▸ **Records for this task**
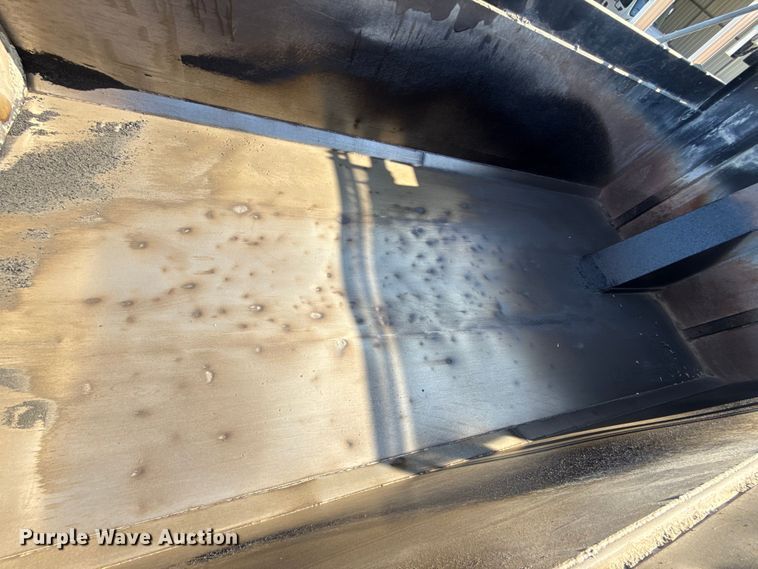 image for item ES5555 2013 Peterbilt 388 dump truck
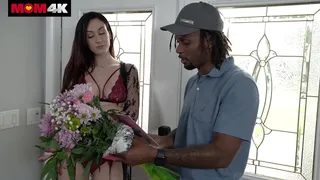 Artemisia Love Lets Flower Delivery BBC Stuff Her Pussy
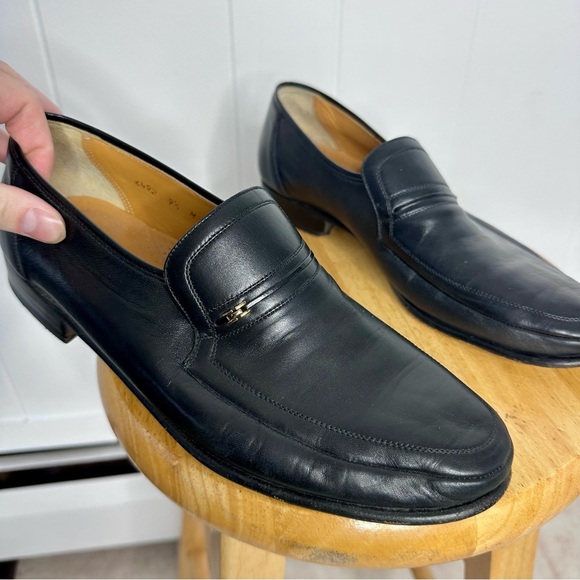 Magnanni Black Leather Slip On Loafers - Picture 2 of 12
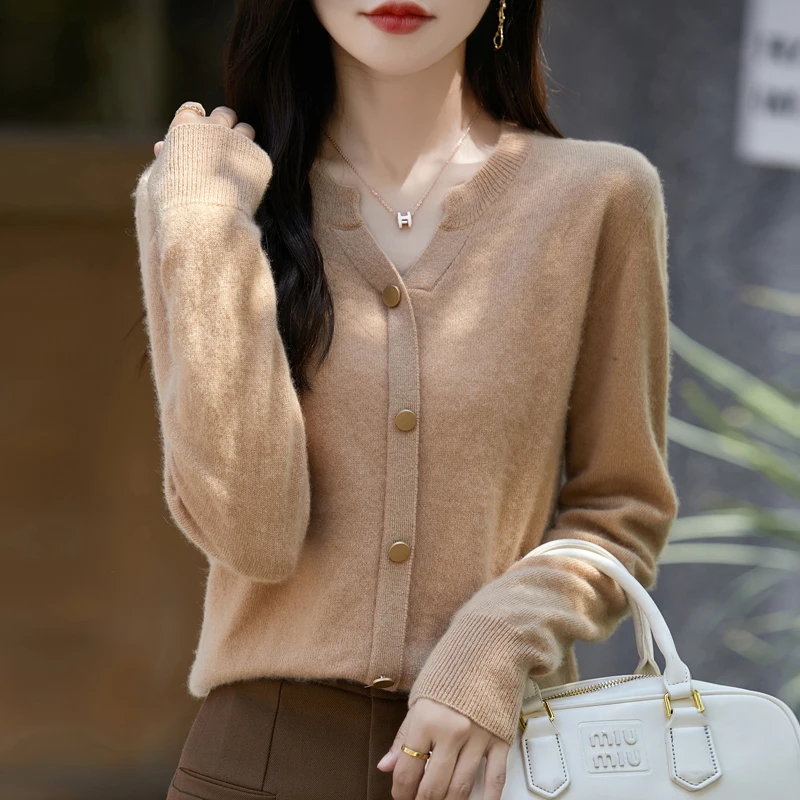 100% pure wool cardigan women's spring and autumn luxury knitting V-neck new soft waxy long-sleeved sweater
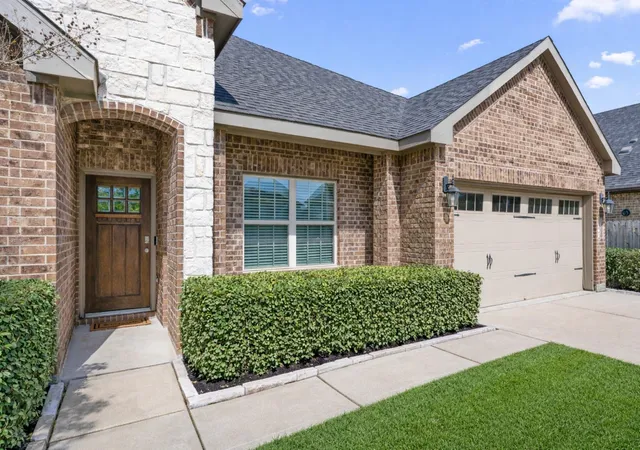 Homes for sale in Rosenberg, TX | 519 Yellow Bullhead Ct, Rosenberg, TX 77469 | MLS# 57372523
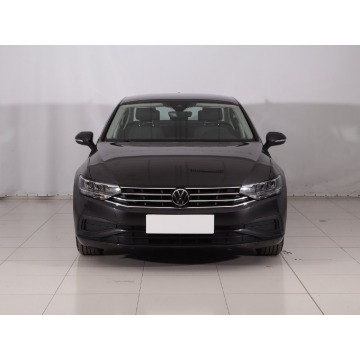 Volkswagen Passat  Liftback 2022,  1.5 benzyna, automat - Na sprzedaż za 71 499 zł - Wodzisław Śląski - zdjęcie 2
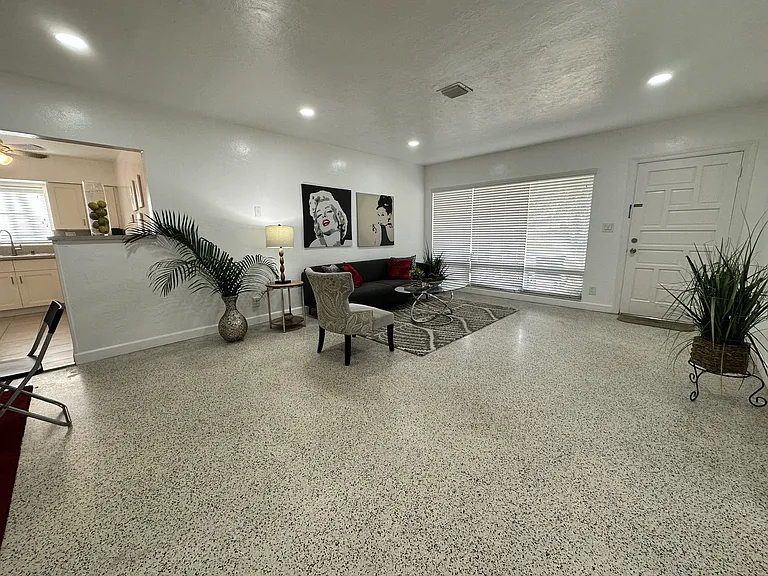 950 E Dayton Cir — Photo 6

▸ **What you are asked to do**
Images aside, return each entry above precisely as it stands.

▸ **Solution for this exercise**
 image for item ES5555 2013 Peterbilt 388 dump truck
 Artemisia Love Lets Flower Delivery BBC Stuff Her Pussy
 Magnanni Black Leather Slip On Loafers - Picture 2 of 12
 100% pure wool cardigan women's spring and autumn luxury knitting V-neck new soft waxy long-sleeved sweater
 Homes for sale in Rosenberg, TX | 519 Yellow Bullhead Ct, Rosenberg, TX 77469 | MLS# 57372523
 Volkswagen Passat  Liftback 2022,  1.5 benzyna, automat - Na sprzedaż za 71 499 zł - Wodzisław Śląski - zdjęcie 2
 950 E Dayton Cir — Photo 6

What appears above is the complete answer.